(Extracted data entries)
____________________

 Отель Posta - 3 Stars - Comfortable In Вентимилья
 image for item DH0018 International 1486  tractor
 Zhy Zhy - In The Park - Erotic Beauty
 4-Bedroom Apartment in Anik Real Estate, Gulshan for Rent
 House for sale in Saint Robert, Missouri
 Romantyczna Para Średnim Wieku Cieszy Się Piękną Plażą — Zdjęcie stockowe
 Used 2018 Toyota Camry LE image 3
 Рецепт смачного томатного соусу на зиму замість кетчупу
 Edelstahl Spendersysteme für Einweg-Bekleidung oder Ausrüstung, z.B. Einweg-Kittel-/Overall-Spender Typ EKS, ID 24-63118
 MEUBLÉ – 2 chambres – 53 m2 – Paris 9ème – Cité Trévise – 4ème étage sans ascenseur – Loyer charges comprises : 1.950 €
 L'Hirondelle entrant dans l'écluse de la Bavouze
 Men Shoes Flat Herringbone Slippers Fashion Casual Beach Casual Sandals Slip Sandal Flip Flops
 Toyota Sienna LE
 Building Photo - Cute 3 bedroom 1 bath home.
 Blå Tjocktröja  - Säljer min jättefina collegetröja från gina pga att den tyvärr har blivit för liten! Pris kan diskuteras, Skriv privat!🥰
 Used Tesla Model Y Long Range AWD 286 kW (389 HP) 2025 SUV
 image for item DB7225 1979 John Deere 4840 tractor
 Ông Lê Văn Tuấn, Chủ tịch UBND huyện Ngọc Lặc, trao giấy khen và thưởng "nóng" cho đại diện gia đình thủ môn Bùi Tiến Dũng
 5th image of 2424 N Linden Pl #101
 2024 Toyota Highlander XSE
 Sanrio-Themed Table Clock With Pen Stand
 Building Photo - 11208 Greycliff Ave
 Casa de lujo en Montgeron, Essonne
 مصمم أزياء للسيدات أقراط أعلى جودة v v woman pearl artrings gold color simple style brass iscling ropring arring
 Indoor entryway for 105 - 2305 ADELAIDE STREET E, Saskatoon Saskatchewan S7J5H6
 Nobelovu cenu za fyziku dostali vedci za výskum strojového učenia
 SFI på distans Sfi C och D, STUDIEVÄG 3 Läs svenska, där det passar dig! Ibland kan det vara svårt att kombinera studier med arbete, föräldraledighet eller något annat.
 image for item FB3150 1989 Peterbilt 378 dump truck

____________________

_Exercise directions_
Repeat exactly the lines above from the one with "L'Hirondelle entrant dans" up to and including the one with "Building Photo - Cute 3 bedroom 1 bath home.". No other line belongs in the reply.

_Exercise result_
 L'Hirondelle entrant dans l'écluse de la Bavouze
 Men Shoes Flat Herringbone Slippers Fashion Casual Beach Casual Sandals Slip Sandal Flip Flops
 Toyota Sienna LE
 Building Photo - Cute 3 bedroom 1 bath home.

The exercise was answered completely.